Would you please return the data below verbatim, without its pictures?

** Source material follows **

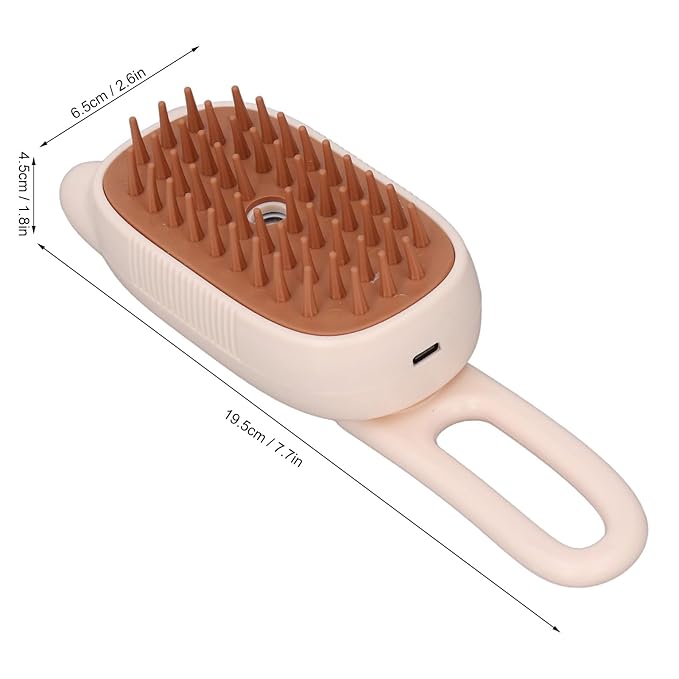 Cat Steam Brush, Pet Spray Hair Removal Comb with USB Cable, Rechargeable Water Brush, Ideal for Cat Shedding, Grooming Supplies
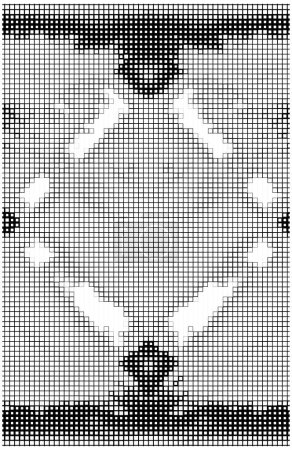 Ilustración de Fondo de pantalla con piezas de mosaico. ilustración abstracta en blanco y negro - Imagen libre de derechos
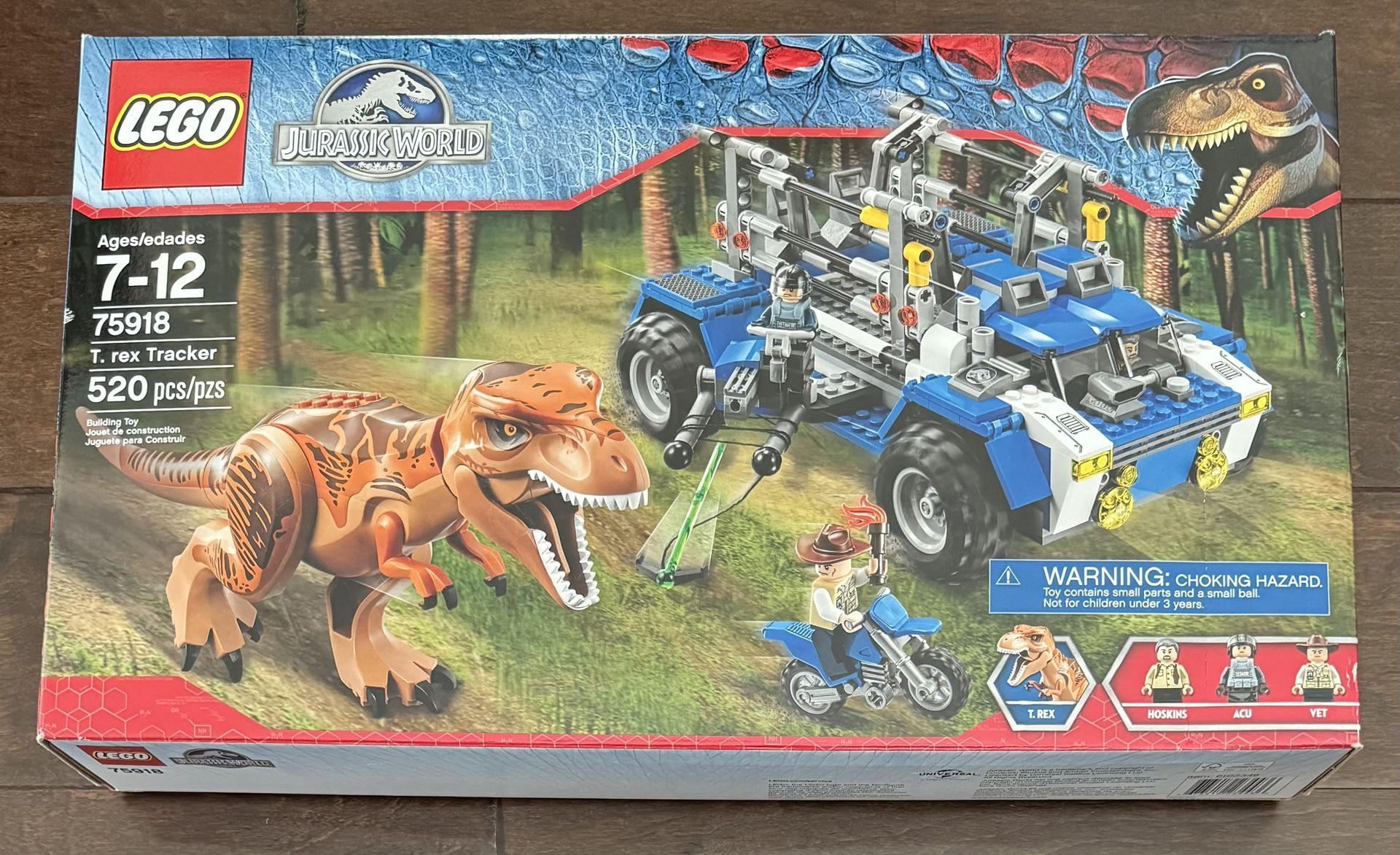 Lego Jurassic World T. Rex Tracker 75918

** End of Source material **

Solution to this task:
 Cat Steam Brush, Pet Spray Hair Removal Comb with USB Cable, Rechargeable Water Brush, Ideal for Cat Shedding, Grooming Supplies
 Ilustración de Fondo de pantalla con piezas de mosaico. ilustración abstracta en blanco y negro - Imagen libre de derechos
 Lego Jurassic World T. Rex Tracker 75918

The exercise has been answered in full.